-------- Available data
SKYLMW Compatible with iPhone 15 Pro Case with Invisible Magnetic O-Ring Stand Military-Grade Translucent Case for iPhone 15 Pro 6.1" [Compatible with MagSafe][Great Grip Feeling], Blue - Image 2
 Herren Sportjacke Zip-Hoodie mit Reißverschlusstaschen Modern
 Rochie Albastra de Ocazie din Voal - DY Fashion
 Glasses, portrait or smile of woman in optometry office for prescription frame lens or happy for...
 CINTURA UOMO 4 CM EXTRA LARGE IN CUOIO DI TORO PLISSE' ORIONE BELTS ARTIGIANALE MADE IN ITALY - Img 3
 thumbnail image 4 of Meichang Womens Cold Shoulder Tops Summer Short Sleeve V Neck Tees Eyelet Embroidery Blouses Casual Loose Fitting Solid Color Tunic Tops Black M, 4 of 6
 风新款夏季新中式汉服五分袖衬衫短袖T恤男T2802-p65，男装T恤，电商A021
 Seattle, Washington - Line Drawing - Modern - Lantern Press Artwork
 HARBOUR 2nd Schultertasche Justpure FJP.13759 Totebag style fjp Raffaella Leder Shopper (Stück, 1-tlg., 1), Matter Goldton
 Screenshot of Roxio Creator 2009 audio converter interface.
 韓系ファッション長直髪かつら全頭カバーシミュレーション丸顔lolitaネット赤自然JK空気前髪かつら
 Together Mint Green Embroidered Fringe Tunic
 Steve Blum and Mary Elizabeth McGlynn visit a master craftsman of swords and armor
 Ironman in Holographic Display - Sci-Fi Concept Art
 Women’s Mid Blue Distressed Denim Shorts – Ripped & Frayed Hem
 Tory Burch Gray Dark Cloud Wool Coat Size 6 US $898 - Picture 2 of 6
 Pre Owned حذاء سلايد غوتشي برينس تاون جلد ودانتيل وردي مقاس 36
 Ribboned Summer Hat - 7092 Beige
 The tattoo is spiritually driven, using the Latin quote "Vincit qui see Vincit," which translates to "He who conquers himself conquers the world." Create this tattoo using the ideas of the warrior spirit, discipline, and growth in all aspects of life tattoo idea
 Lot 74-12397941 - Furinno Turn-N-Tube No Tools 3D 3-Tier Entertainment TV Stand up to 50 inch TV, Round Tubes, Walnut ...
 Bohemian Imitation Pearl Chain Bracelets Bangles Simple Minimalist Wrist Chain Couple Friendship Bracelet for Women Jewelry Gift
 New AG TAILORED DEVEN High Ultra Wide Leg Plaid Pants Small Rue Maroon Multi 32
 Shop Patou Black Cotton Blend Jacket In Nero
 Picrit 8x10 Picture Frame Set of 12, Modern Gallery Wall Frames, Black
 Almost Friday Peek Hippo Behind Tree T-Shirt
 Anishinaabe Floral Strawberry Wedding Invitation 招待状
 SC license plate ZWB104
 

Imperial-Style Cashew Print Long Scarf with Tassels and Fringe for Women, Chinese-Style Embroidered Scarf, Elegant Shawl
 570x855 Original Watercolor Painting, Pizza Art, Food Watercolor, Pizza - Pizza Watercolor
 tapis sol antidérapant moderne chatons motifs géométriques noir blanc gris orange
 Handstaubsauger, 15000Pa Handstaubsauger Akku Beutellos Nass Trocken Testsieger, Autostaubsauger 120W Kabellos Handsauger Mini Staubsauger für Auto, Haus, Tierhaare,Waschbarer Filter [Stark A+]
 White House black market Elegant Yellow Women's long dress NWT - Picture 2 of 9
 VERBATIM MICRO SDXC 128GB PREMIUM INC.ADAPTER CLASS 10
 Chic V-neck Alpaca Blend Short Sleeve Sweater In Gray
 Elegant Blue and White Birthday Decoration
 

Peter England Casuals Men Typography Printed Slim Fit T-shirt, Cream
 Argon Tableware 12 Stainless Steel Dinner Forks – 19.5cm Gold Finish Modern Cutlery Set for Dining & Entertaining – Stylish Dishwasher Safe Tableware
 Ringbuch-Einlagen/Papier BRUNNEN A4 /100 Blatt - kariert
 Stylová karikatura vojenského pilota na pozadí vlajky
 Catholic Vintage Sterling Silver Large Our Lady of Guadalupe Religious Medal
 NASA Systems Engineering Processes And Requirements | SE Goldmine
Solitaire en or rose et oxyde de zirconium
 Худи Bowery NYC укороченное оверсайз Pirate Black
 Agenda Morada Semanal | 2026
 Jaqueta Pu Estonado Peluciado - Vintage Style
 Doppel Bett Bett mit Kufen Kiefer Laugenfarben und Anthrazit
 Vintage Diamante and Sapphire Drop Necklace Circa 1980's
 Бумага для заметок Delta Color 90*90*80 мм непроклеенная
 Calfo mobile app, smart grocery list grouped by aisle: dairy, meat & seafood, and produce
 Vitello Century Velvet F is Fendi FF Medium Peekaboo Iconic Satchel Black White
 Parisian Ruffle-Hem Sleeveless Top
----------------
> _Exercise objective_: Copy each line of the records that has "Tunic" in it.

> _Output of the task_:
 thumbnail image 4 of Meichang Womens Cold Shoulder Tops Summer Short Sleeve V Neck Tees Eyelet Embroidery Blouses Casual Loose Fitting Solid Color Tunic Tops Black M, 4 of 6
 Together Mint Green Embroidered Fringe Tunic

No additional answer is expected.